As the answer, set down the lines below from the one containing "523 24th St" through the one containing "Maison Grange - Au", exactly and inclusively, and no others.

▸ DATASET EXTRACT:
========================================

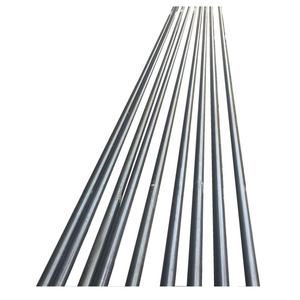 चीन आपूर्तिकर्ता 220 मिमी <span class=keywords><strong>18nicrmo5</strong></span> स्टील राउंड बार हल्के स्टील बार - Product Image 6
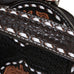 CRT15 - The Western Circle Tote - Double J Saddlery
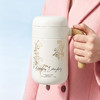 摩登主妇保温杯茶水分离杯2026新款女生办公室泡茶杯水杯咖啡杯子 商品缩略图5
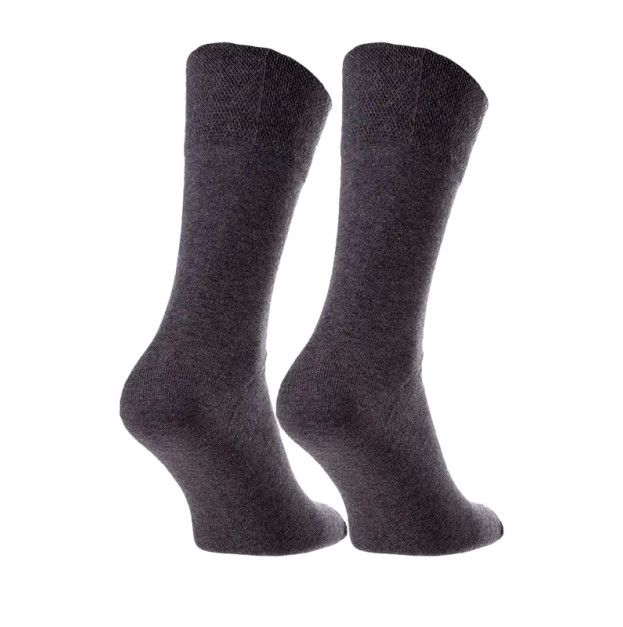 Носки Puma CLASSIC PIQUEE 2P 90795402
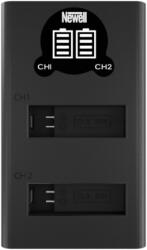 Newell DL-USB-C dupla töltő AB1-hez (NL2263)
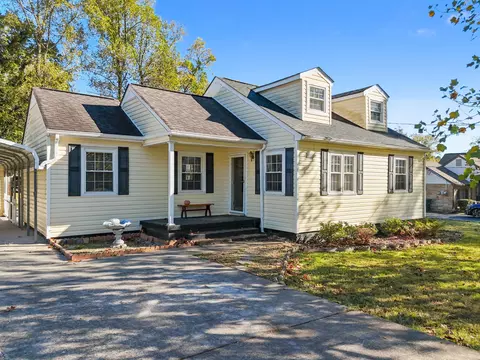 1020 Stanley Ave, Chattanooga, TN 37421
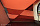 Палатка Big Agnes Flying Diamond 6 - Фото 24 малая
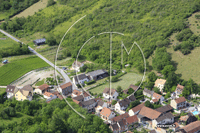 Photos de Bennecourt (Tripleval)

========================================

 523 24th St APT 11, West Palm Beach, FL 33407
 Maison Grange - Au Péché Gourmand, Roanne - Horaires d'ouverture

========================================

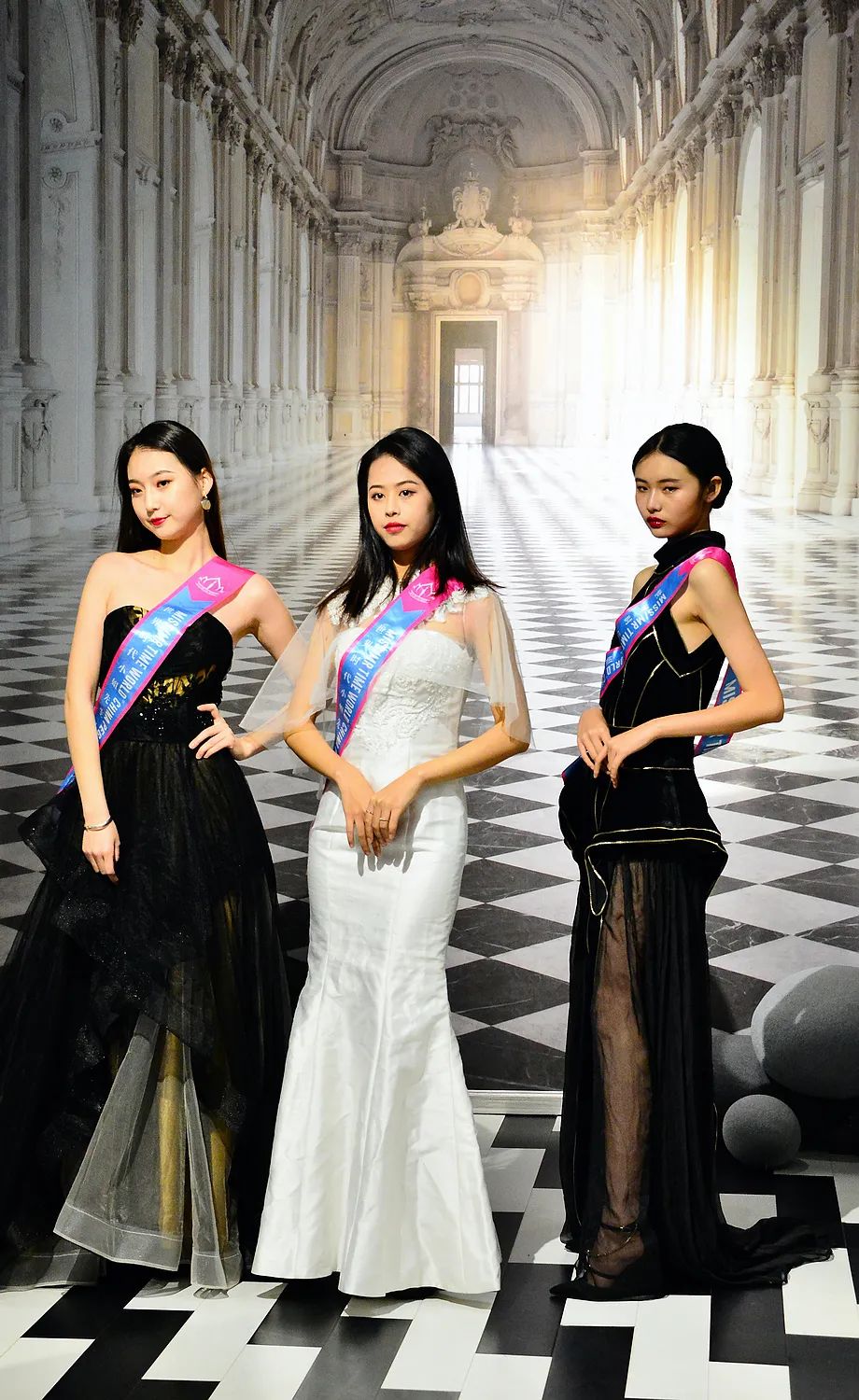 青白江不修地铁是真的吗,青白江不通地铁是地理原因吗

========================================

▸ SOLUTION BELOW:
 523 24th St APT 11, West Palm Beach, FL 33407
 Maison Grange - Au Péché Gourmand, Roanne - Horaires d'ouverture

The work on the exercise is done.